Enfant, je ne comprenais pas tout. Pour moi, ce n’était pas seulement des mots. C’était une ambiance entière. Le générique. La voix. Le silence. Tout formait un bloc, presque une histoire. Et une question revenait souvent : est-ce qu’il y avait des jours où le générique passait… mais où personne ne mourait ? Des jours vides ? Mais non. Chaque jour, il y avait des noms. Chaque jour, la voix revenait.

Je regardais ma mère écouter sans parler. Parfois, elle s’arrêtait sur un nom. Une connaissance. Une personne du quartier. Et là, quelque chose se déplaçait légèrement dans la maison. Un silence différent. Après l’annonce, elle pouvait sortir. Aller demander. Vérifier. Confirmer. Parce qu’à La Réunion, une information ne restait jamais enfermée dans la radio. Elle circulait. Le quartier devenait la suite de l’antenne.

Aujourd’hui encore, ce souvenir est intact. Le générique. La voix. La phrase. Et cette impression étrange que 12h15 n’était pas seulement une heure. Mais un moment où toute une île écoutait la même chose.

J’ai essayé de retrouver ce son sur Internet. Peine perdue. Comme s’il avait disparu avec une époque entière.

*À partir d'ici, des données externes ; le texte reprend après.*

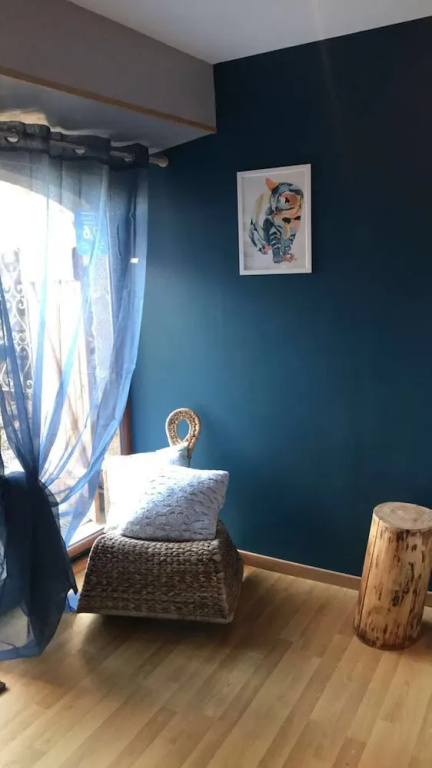 Chambre et Table d'hôtes Magaadjukalo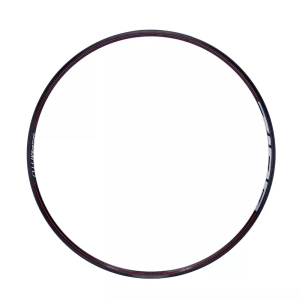 Zipp 3ZERO MOTO - 27.5" Carbon Front Rim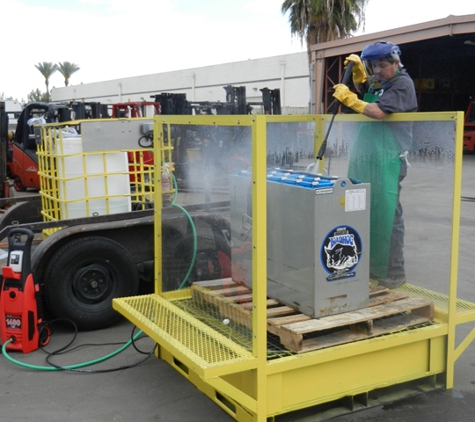 Fork Lift Solutions Inc - Phoenix, AZ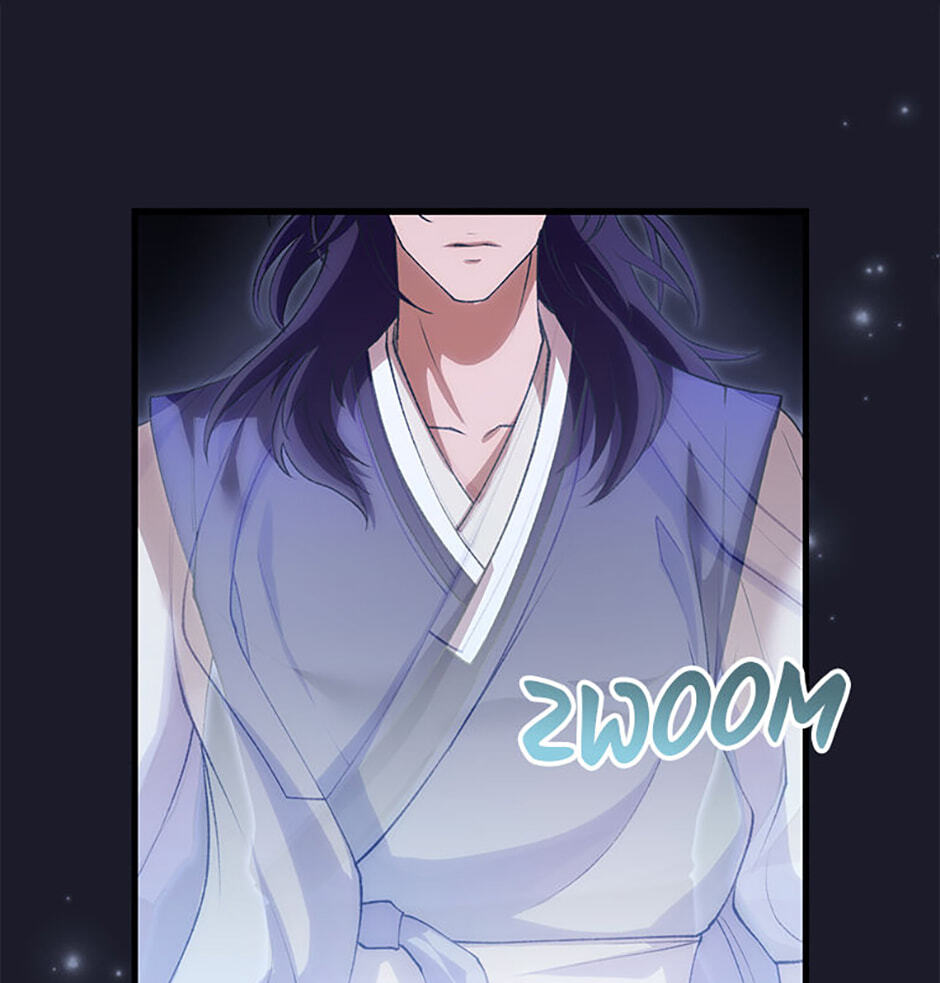 The Wolf of the Full Moon Chapter 8 page 85 - 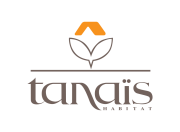 Logo de Tanaïs Habitat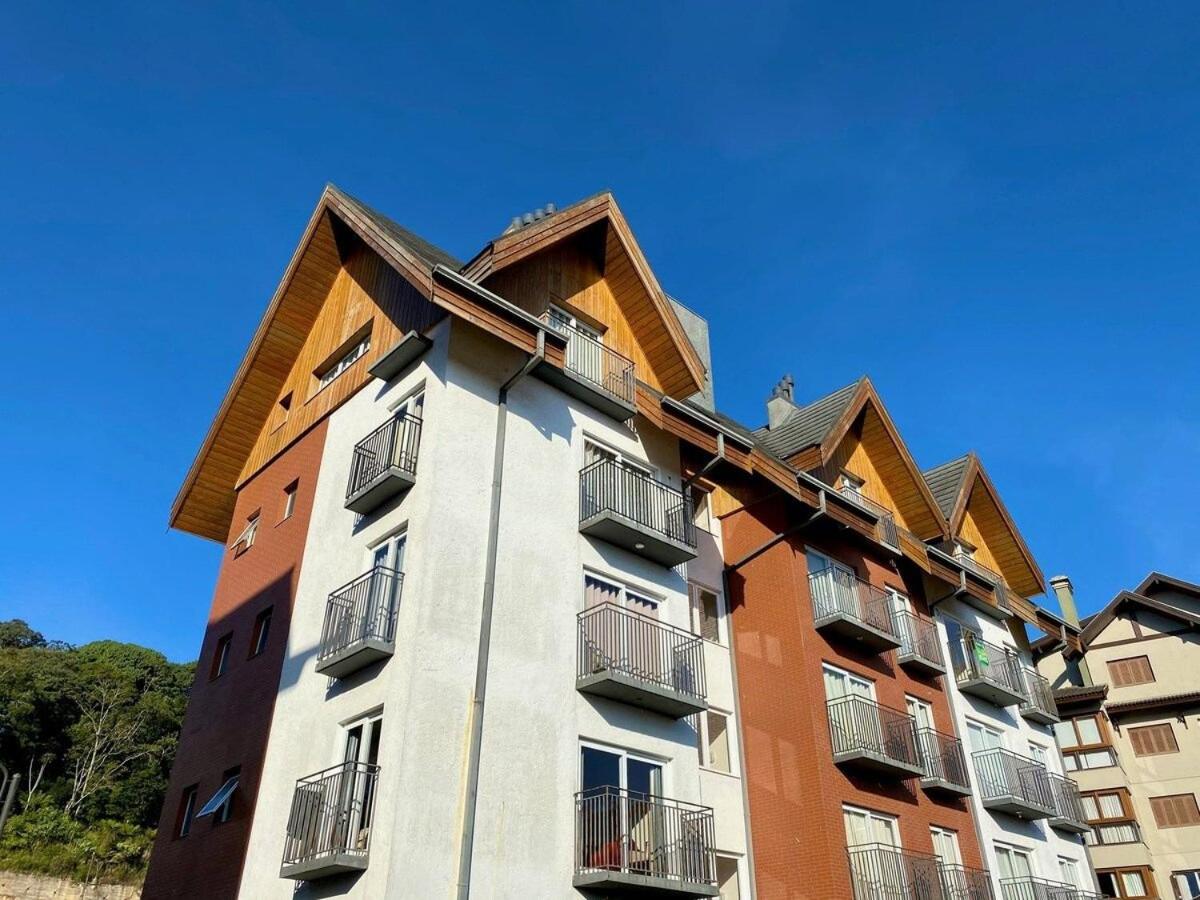 Apartamentos Onze1 no CENTRO by Achei Gramado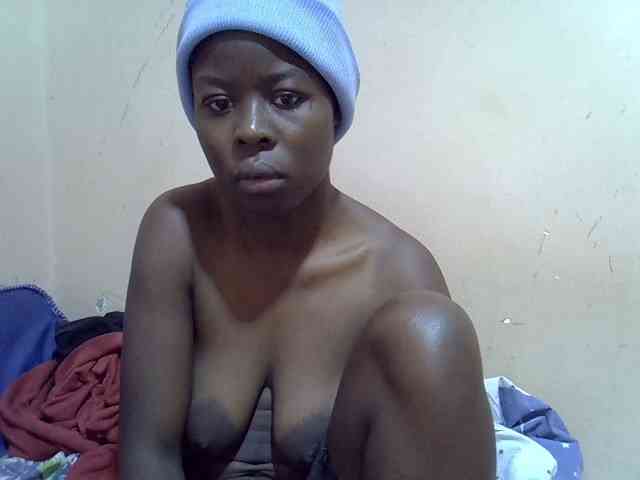 Sexy-Pesh webcam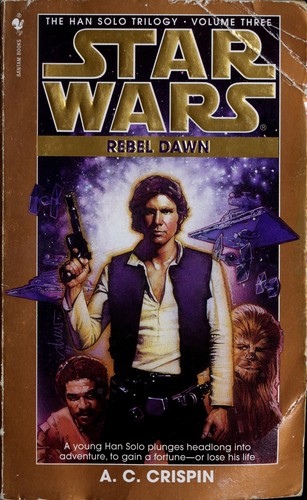 Rebel dawn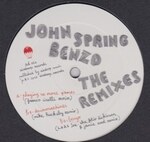 John Spring - Benzo Remixes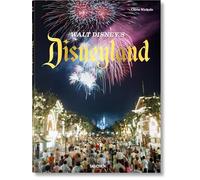Walt Disney’s Disneyland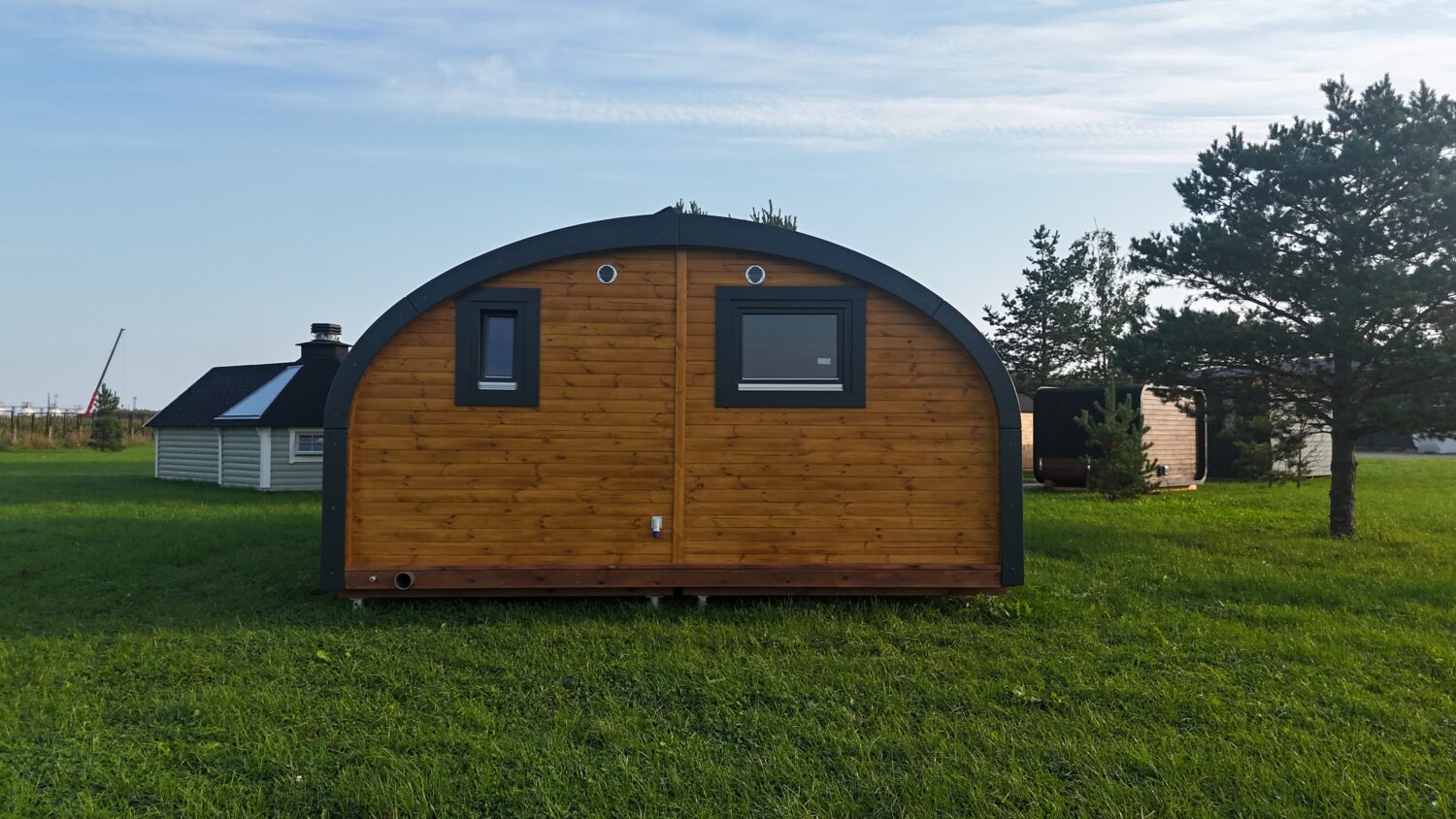 Camping Pod-3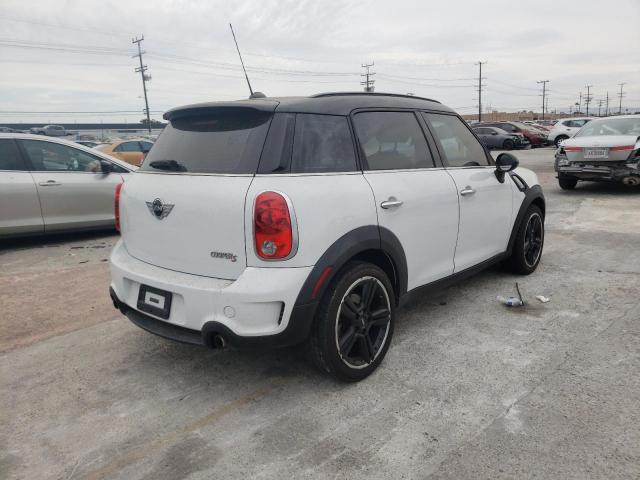 Photo 4 from auction – 2011 MINI COOPER S C with VIN WMWZC3C53BWL80259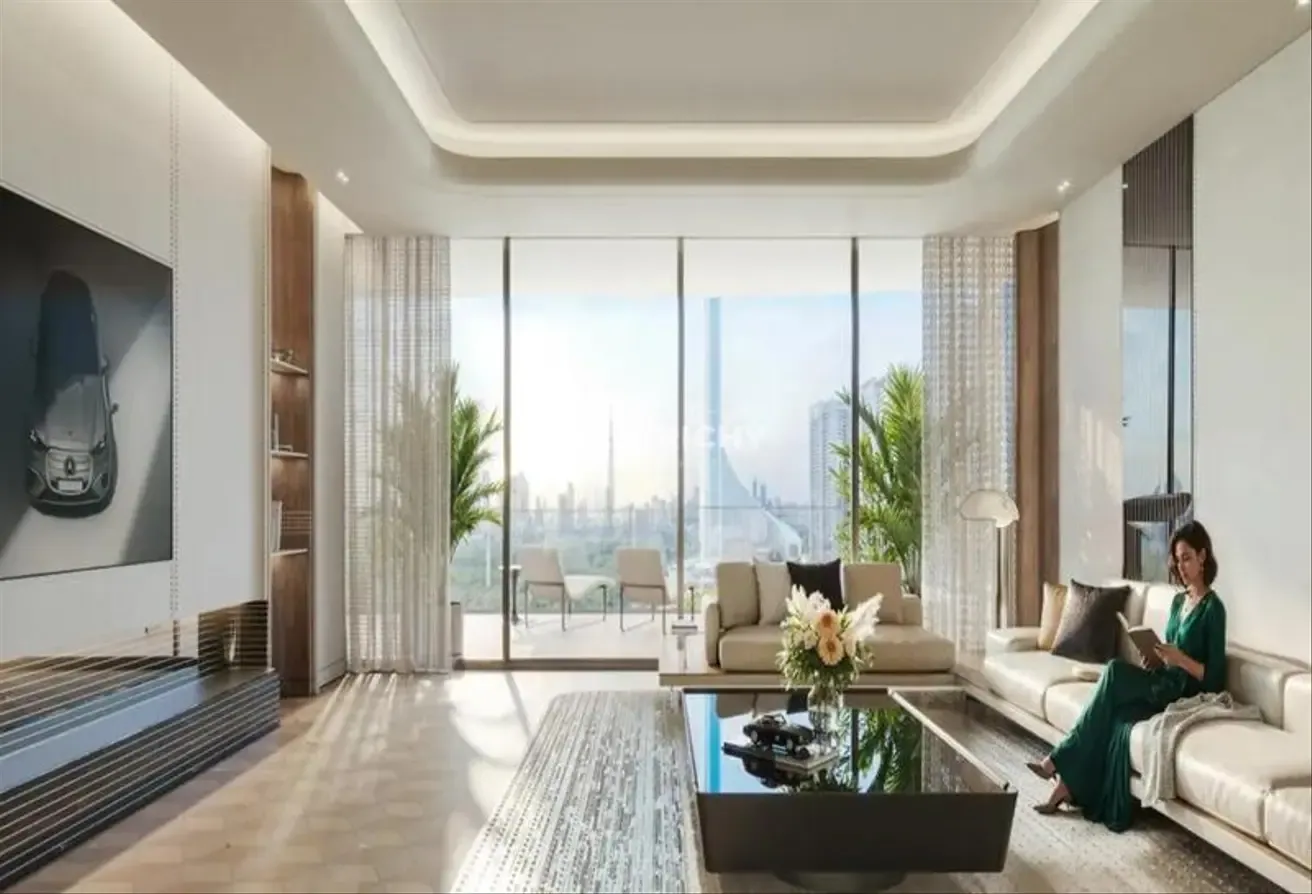 HIGH CAPITAL GROWTH | ULTRA LUXURY | COMMERCIAL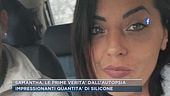 Samantha, le prime verità dall'autopsia
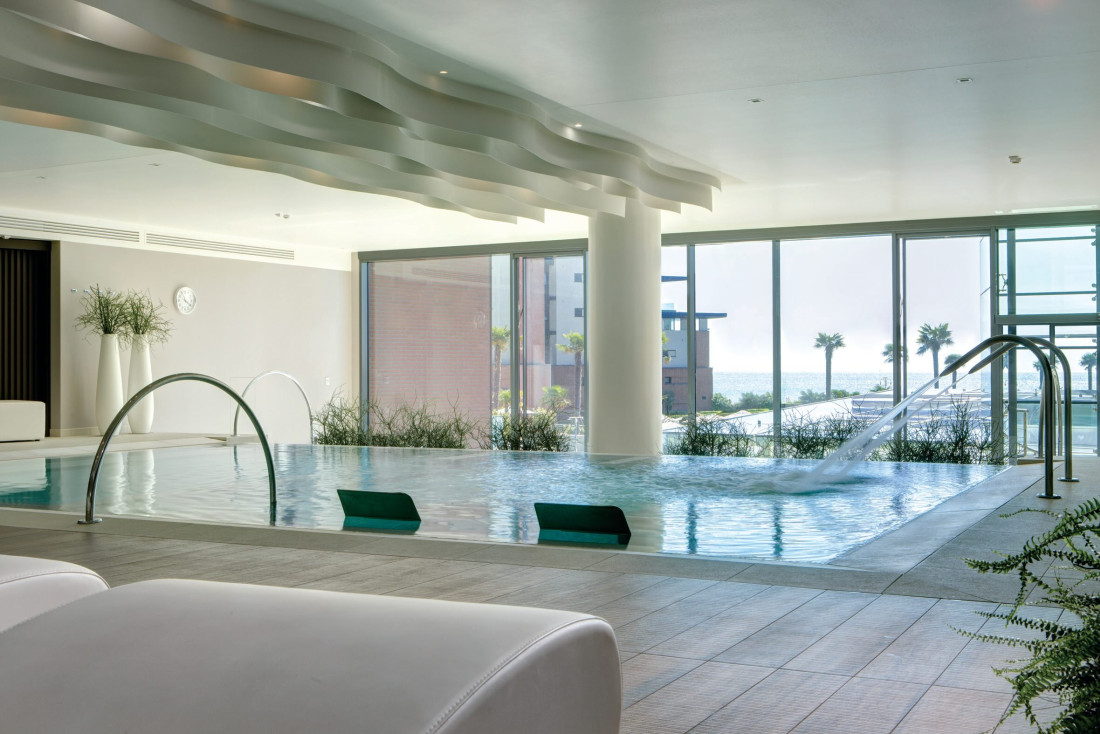 Notre avis sur l’hôtel Almar Lido Jesolo près de Venise © Hôtel Almar Lido Jesolo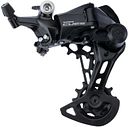 Vorschaubild Shimano Schaltwerk CUES RD-U4000/U4020 mittellanger Käfig schwarz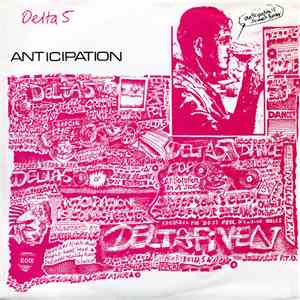 Delta 5 - Anticipation / You FLAC album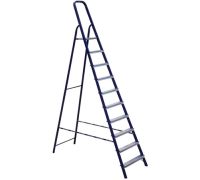Лестница-стремянка Stairs CS10 10 ступеней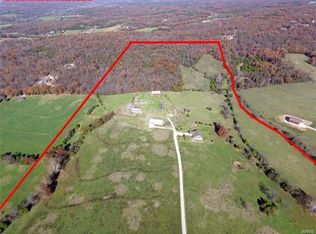 5901 Pigg Rd, De Soto, MO 63020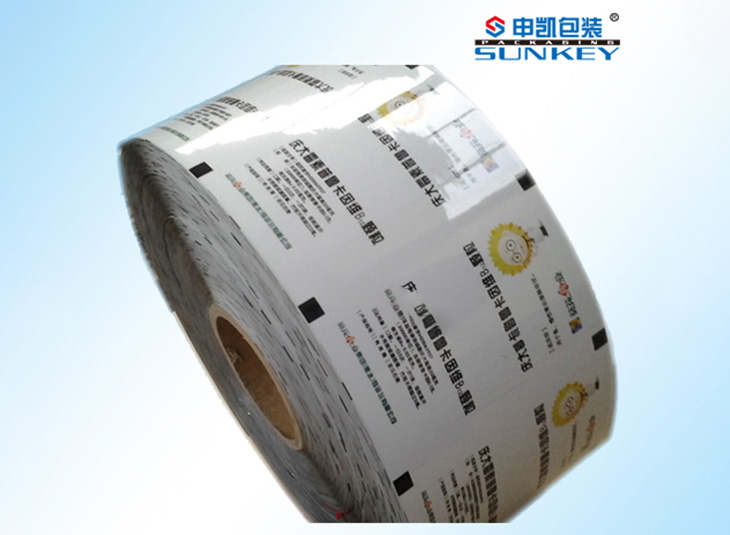 药品颗粒剂好博HAOBO（中国）复合膜|颗粒剂好博HAOBO（中国）卷膜|颗粒复合膜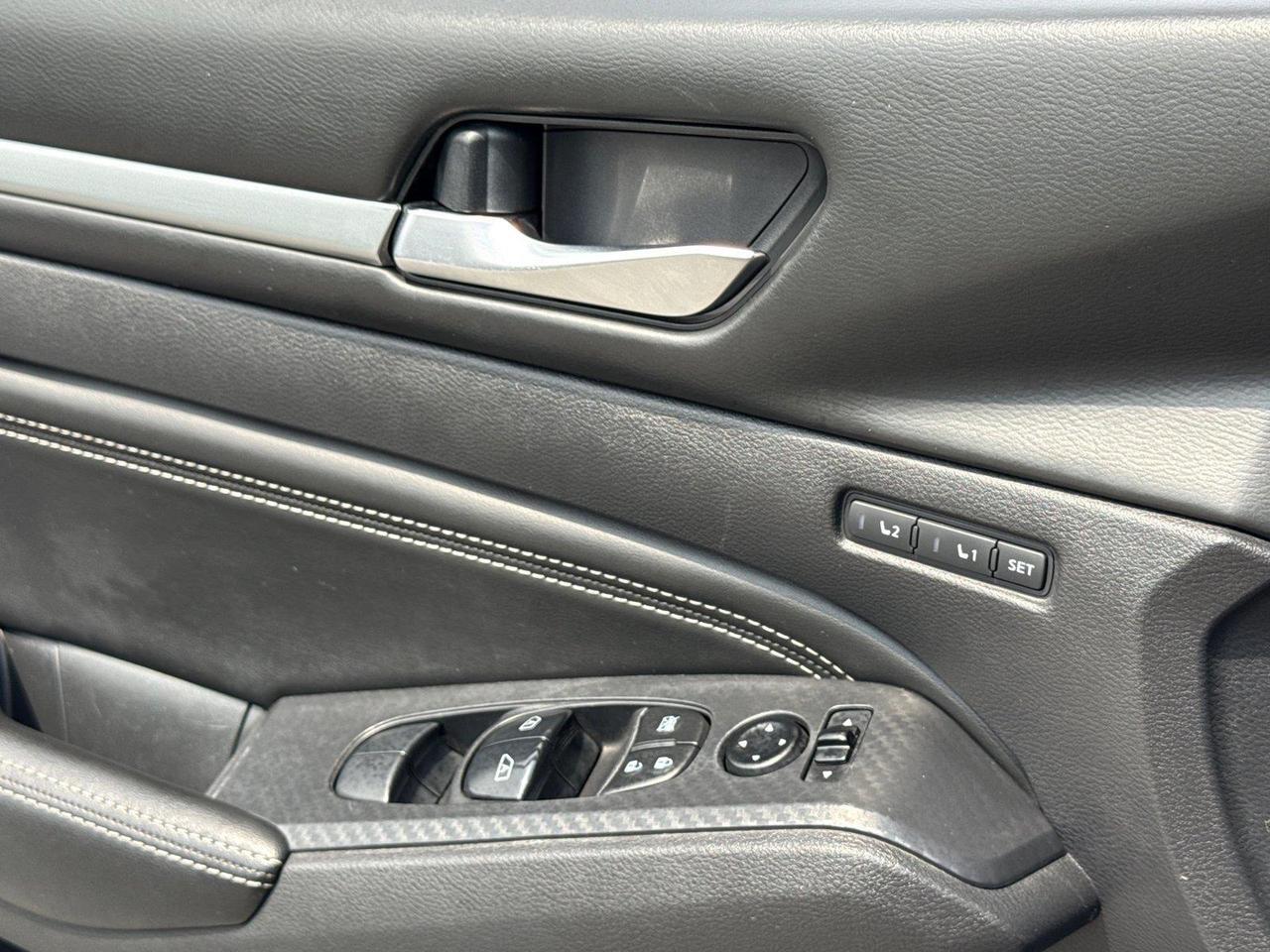 2019 Nissan Altima 2.5 Platinum Hagerstown MD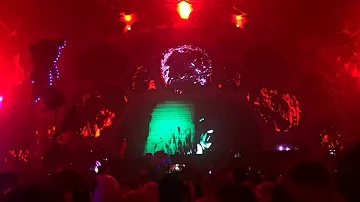 REZZ LIVE @ Escape Halloween 2023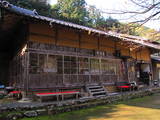 若狭 白石山城の写真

Ce générique, cette voix… introuvables. Rangés quelque part dans la mémoire des ondes. Si quelqu’un, quelque part, a gardé un enregistrement… ou se souvient exactement de ce moment à 12h15… qu’il sache que ce n’est pas juste un souvenir isolé. C’est un morceau de vie partagée. Une radio. Une île. Une heure précise. Et des milliers d’oreilles au même instant — que personne, semble-t-il, n’a pensé à garder.